3,"['get', 'out']",C/CK/CK9.xml,1654,True,1.0,"['19', '20']","['Mrs', 'Aggie', ',', 'I', 'do', 'want', 'to',..."
4,"['get', 'through']",G/G2/G2E.xml,2734,True,1.0,"['9', '10']","['He', 'was', 'charged', 'for', 'a', 'call', '..."


In [41]:
# Making sure all our data are in the right form
data['pvc_lemmas'] = data['pvc_lemmas'].apply(eval)
data['row'] = data['row'].apply(int)
data['annotator_agreement_percentage'] = data['annotator_agreement_percentage'].apply(float)
data['verb_idx'] = data['verb_idx'].apply(eval)
data['sents'] = data['sents'].apply(eval)
data['pvc_strings'] = data['pvc_lemmas'].apply(lambda x: ' '.join(x))
data['sent_strings'] = data['sents'].apply(lambda x: ' '.join(x))


## InferSent

Most of the following code is taken from [here](https://github.com/facebookresearch/InferSent/blob/main/demo.ipynb).

In [21]:
import nltk
nltk.download('punkt')

[nltk_data] Downloading package punkt to
[nltk_data]     C:\Users\johns\AppData\Roaming\nltk_data...
[nltk_data]   Package punkt is already up-to-date!


True

In [22]:
# Load model
from model import InferSent
model_version = 1
MODEL_PATH = "infersent%s.pkl" % model_version
params_model = {'bsize': 64, 'word_emb_dim': 300, 'enc_lstm_dim': 2048,
                'pool_type': 'max', 'dpout_model': 0.0, 'version': model_version}
model = InferSent(params_model)
model.load_state_dict(torch.load(MODEL_PATH))

<All keys matched successfully>

In [23]:
# If infersent1 -> use GloVe embeddings.

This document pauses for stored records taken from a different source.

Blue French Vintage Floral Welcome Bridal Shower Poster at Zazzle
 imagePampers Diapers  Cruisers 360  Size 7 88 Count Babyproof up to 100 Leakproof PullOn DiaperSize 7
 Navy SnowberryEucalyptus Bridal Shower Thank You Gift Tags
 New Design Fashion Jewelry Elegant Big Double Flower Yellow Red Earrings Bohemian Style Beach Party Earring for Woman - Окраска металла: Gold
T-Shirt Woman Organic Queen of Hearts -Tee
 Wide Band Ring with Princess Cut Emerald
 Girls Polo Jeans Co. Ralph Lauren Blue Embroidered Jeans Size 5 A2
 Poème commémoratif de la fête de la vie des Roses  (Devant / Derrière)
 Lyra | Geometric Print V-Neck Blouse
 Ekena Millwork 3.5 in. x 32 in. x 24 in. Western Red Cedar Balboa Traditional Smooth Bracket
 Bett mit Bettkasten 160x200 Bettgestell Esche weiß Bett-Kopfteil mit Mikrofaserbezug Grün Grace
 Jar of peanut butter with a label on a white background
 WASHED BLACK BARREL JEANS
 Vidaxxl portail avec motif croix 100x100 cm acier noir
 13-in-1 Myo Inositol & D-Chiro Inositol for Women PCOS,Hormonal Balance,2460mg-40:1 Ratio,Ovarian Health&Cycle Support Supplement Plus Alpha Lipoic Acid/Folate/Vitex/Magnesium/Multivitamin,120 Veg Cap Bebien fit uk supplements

If infersent2 -> use InferSent embeddings.
W2V_PATH = 'glove.6B.300d.txt' if model_version == 1 else 'fastText/crawl-300d-2M.vec'
model.set_w2v_path(W2V_PATH)

In [24]:
# Load embeddings of K most frequent words
model.build_vocab_k_words(K=100000)

Vocab size : 100000


In [43]:
# Some test sentences!
test_lvcs = ['I gave John a bath .', 'I gave John a book .', 'I gave John a chance .']

In [44]:
test_embeds = model.encode(test_lvcs, bsize=128, tokenize=False, verbose=True)
print('nb sentences encoded : {0}'.format(len(test_lvcs)))

Nb words kept : 12/24 (50.0%)
Speed : 124.8 sentences/s (cpu mode, bsize=128)
nb sentences encoded : 3


In [27]:
def cosine(u, v):
    return np.dot(u, v) / (np.linalg.norm(u) * np.linalg.norm(v))

In [45]:
cosine(model.encode(['I gave John a bath.'])[0], model.encode(['I gave John a book.'])[0])

0.86921847

In [47]:
# Phrasal verb embedding
pv_embeddings = model.encode(data['pvc_strings'], bsize=128, tokenize=False, verbose=True)
print('nb sentences encoded : {0}'.format(len(embeddings)))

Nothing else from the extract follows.